In Agner Fog's "Optimizing subroutines in assembly language - section 11.8 Cache control instructions," he says: "Memory writes are more expensive than reads when cache misses occur in a write-back cache. A whole cache line has to be read from memory, modified, and written back in case of a cache miss. This can be avoided by using the non-temporal write instructions MOVNTI, MOVNTQ, MOVNTDQ, MOVNTPD, MOVNTPS. These instructions should be used when writing to a memory location that is unlikely to be cached and unlikely to be read from again before the would-be cache line is evicted. As a rule of thumb, it can be recommended to use non-temporal writes only when writing a memory block that is bigger than half the size of the largest-level cache."
From the "Intel 64 and IA-32 Architectures Software Developer's Manual Combined Volumes Oct 2019" - "These SSE and SSE2 non-temporal store instructions minimize cache pollution by treating the memory being accessed as the write combining (WC) type. If a program specifies a non-temporal store with one of these instructions and the memory type of the destination region is write back (WB), write through (WT), or write combining (WC), the processor will do the following . . . "

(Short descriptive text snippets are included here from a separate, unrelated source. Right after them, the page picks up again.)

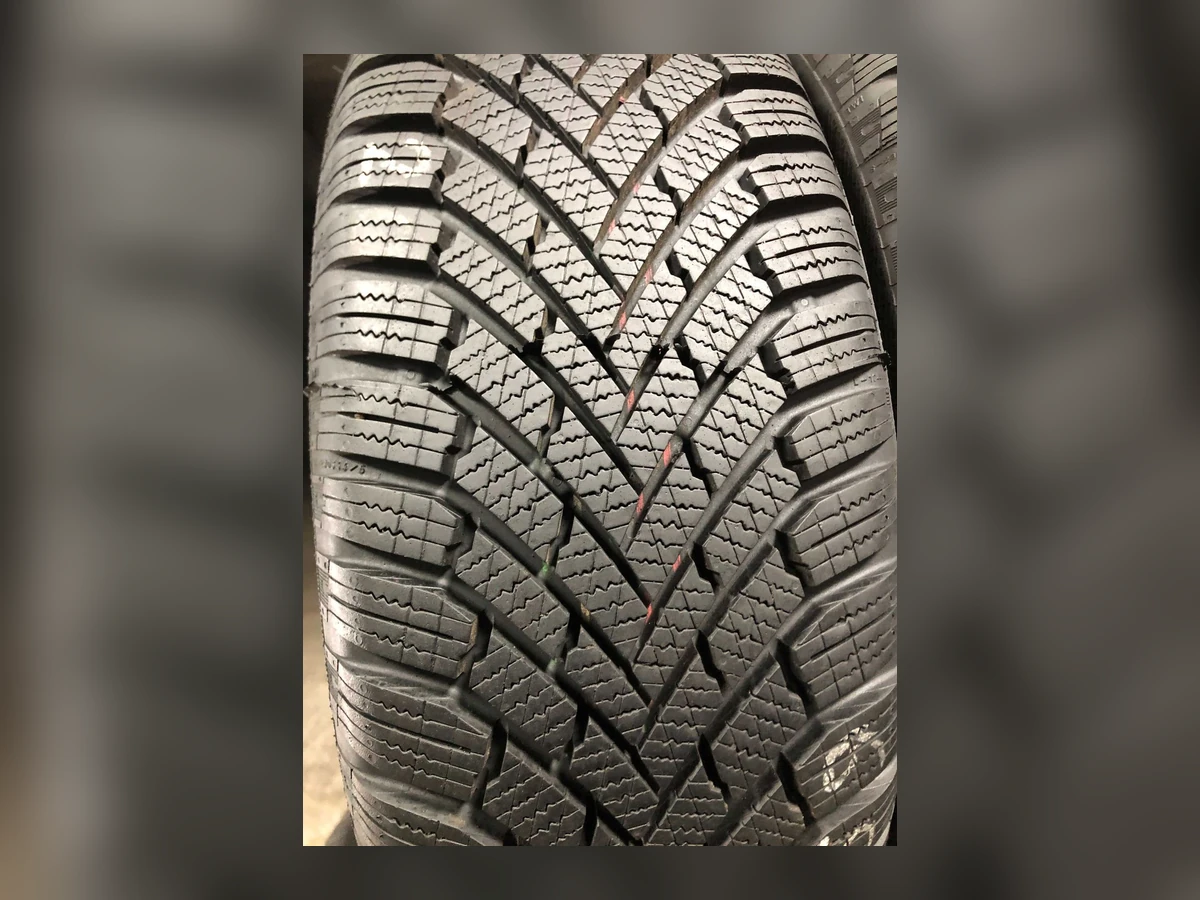 Continental — Continental 205/60 R16 — 205/60 R16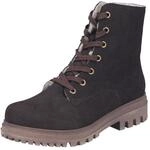 Rieker Winterboots Schn&uuml;rboots, Schn&uuml;rstiefelette mit zweckm&auml;&szlig;igem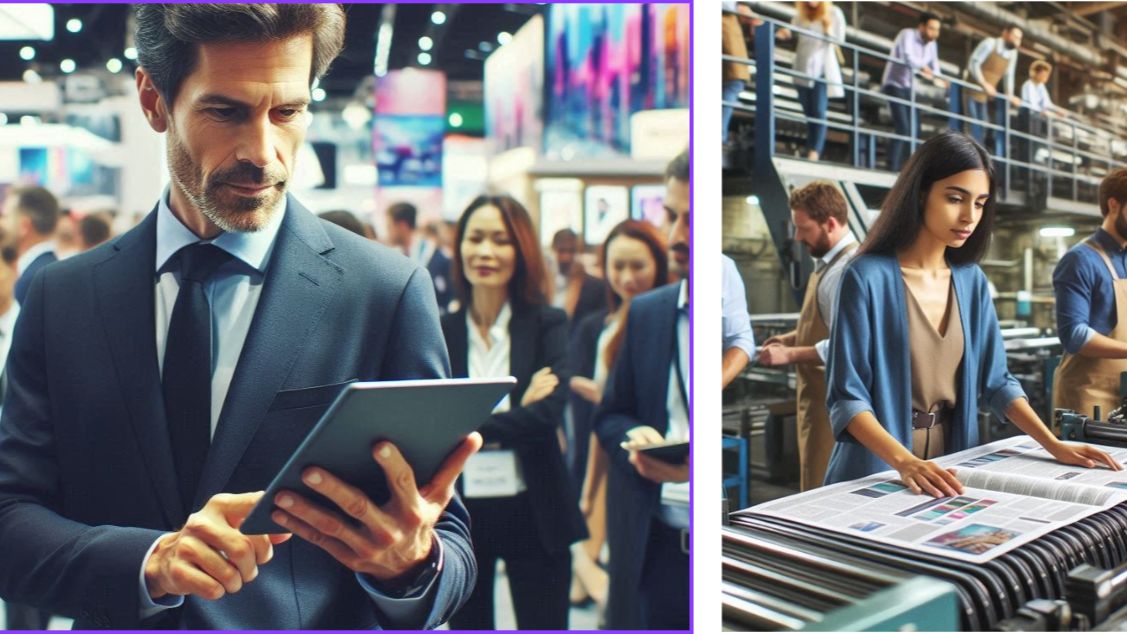 SpencerMetrics's tweet image. Production runs regardless of management.
SpencerMetrics offers real-time floor monitoring with dashboards, alerts, and reports—no manual work needed.
Success depends on systems, not just supervision.
buff.ly/Krk02h3 
#RemoteMonitoring #PrintOperations #SpencerMetrics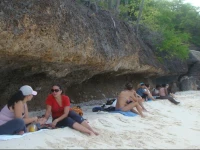 Yoga Centrum Curacao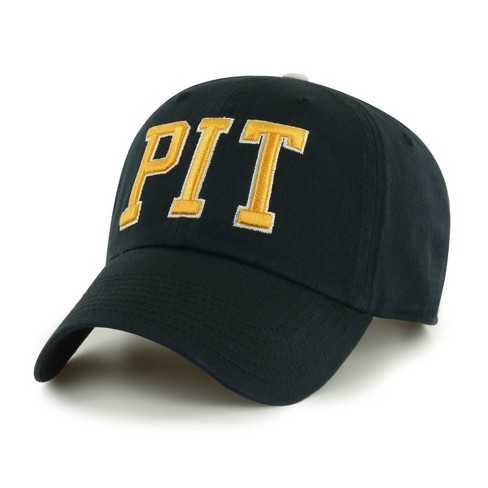 steelers black hat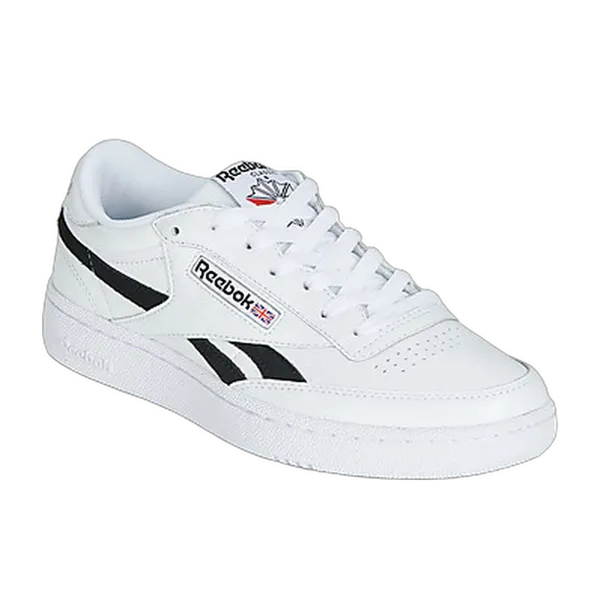 Reebok Revenge Plus MU Wit, vergelijk prijzen bij 1 winkel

I thought that write-combining memory is only found in graphics cards but not in general-purpose heap memory -- and by extension that the instructions listed above would only be useful in such cases. If that's true, why would Agner Fog recommend those instructions? The Intel manual seems to suggest that it's only useful with WB, WT or WC memory, but then they say that the memory being accessed will be treated as WC.
If those instructions actually can be used in an ordinary write to heap memory, are there any limitations? How do I allocate write-combining memory?